PENNSAUKEN, N.J. (WPVI) -- The power of the sun is being captured by roughly 10,000 solar panels installed at the Pennsauken Sanitary Landfill on River Road.
It's part of a 13-year partnership between Camden County and a company called Energy Power Partners.
The plan now is to install 8,000 more panels, which combined with the originals will produce 3.5-million kilowatt hours of electricity per year, powering up to 300 homes.
"We are looking to increase the amount of clean energy here and really across the whole United States with this type of project," Steve Gabrielle of Energy Power Partners said.
The solar panels will produce the same amount of energy as burning 2.7 million pounds of coal without producing harmful greenhouse gasses.
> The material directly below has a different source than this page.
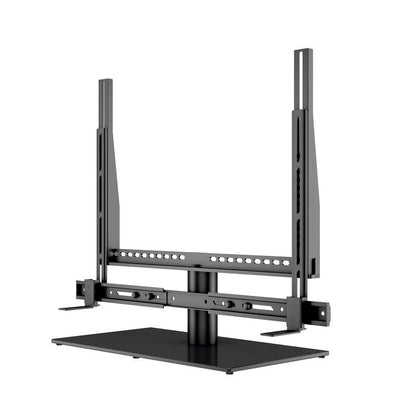 Dim Gray Multibrackets M VESA Tablestand Turn w. Soundbar, Max 42"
Developing clean and renewable energy on contaminated land makes sense. The space would typically be unusable land, but the county is now using it to generate energy and income.
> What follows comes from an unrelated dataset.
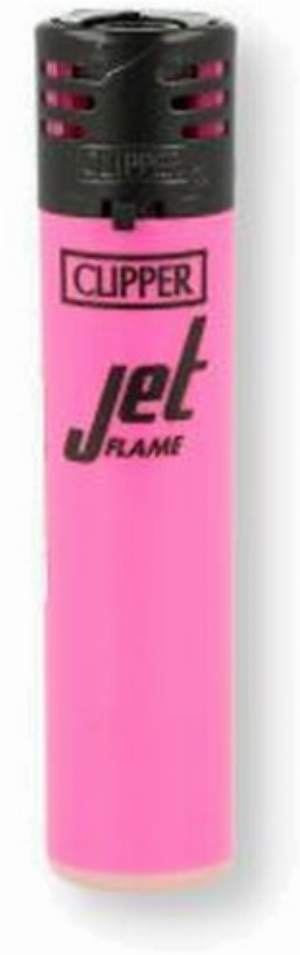 Clipper Feuerzeug Jetflame Rosa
"We're also reducing our carbon footprint. This is our Paris climate accord right here on top of a landfill, so we are very proud of that," Jeffrey Nash, Camden County Freeholder, said.
In addition to the solar panels, the project also harnesses the methane gas produced by decomposing organic matter buried in the landfill.
"And that gas is then transmitted over to a power plant where it's burned and...creates electricity," David Luthman of the Pollution Control Financing Authority said.
The power is sold at a reduced rate directly to the landfill's next door neighbor, Aluminum Shapes, one of the biggest employers in the county.
Pennsauken's mayor Betsy McBride says the landfill has been transformed.
"It was just piles of trash and trucks and stench, and it's turning it from an eyesore into a beautiful, solar paneled field," McBride said.
The 8,000 new solar panels should be installed by the end of the year.